Let's say I run some
type of a factory, and I've studied my operations. And I'm able to figure
out how my cost varies as a function of quantity over
a week, on a weekly period. And so to visualize
that, let me draw it. I could draw this cost function. So this is my cost axis. This right over here
could be my quantity axis. So that's quantity, or q,
let me just call that q. That's my q-axis. And my function might
look something like this. It seems reasonable to me. Even if I produce nothing,
I still have fixed costs. I have to pay rent
on the factory. I have to probably pay people
even if we produce nothing. And so let's say that fixed
costs in the week is $1,000. And then as my quantity
increases, so do my costs. So if I produce 100
units right over here, then my cost goes up to $1,300. If I produce more than that,
you see my costs increase and they increase at
an ever faster rate. Now, I go into a lot more depth
on things like cost functions in the Economics
playlist, but what I want to think about in the
calculus context is what would the derivative of
this represent? What would the derivative of c
with respect to q, which could also written as c prime of
q, what does that represent? Well, if we think
about it visually, we know that we can think
about the derivative as the slope of
the tangent line. So, for example,
that's the tangent line when q is equal to 100. So the slope of that tangent
line you could view as c prime, or it is c prime of 100. But what is that
slope telling us? Well, the slope is the
change in our cost divided by the change in our quantity. And it's the slope
of the tangent line. This is what we first
learned in calculus. As we get to smaller and
smaller and smaller changes in quantity, we
essentially take the limit as our change in
quantity approaches 0. That's how we get that
instantaneous change. So one way to think about it
is this is the instantaneous. This is the rate
right on the margin at which is our cost is changing
with respect to quantity. So if I were to produce just
another drop, another atom of whatever I'm
producing, at what rate is my cost going to increase? And the reason why I'm
saying right on the margin is we see that
it's not constant. If our cost function
were aligned, we would have a constant slope. The tangent line
would essentially be the cost function.
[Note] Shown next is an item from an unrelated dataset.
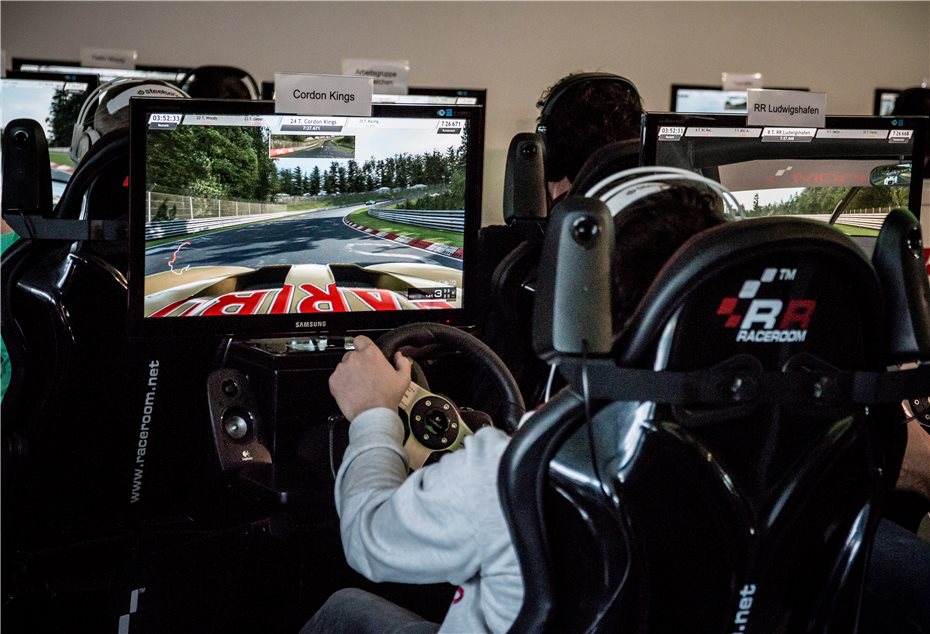 Jagende Pixel -
virtuelle Rennen am Nürburgring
But we see it changes
right over here. The incremental
atom to produce here costs less than the incremental
atom right over here. The slope has gone up. And it might make sense. Maybe I'm using some
raw material out there in the world. And as I use more
and more of it, it becomes more and more scarce. And so the market price of
it goes up and up and up. But you might say,
well, why do I even care about the rate at which
my costs are increasing on the margin? Which is why this is
called marginal cost. Well, the reason why
you care about it is you might be trying to figure
out when do I stop producing? Let's say this is orange juice. If I know that next gallon is
going to cost me $5 to produce and I can sell it for $6,
then I'm going to do it. But if that next
gallon, if I'm up here, and I've already
produced a lot, and I'm taking all the oranges
off the market, and now I have to
transport oranges from the other side of the
planet or whatever it might be, and now if that incremental
gallon of oranges or gallon of orange juice costs
me $10 to produce, and I'm not going to be able
to sell it for more than $6, it doesn't make sense for
me to produce it anymore. So in a calculus context, or
you can say in an economics context, if you can model your
cost as a function of quantity, the derivative of that
is the marginal cost. It's the rate at which
costs are increasing for that incremental unit. And there's other similar ideas. If we modeled our profit
as a function of quantity, if we took the derivative, that
would be our marginal profit. If we modeled revenue, that
would be our marginal revenue. How much does a
function increase as we increase our
input, as we increase our quantity on the margin?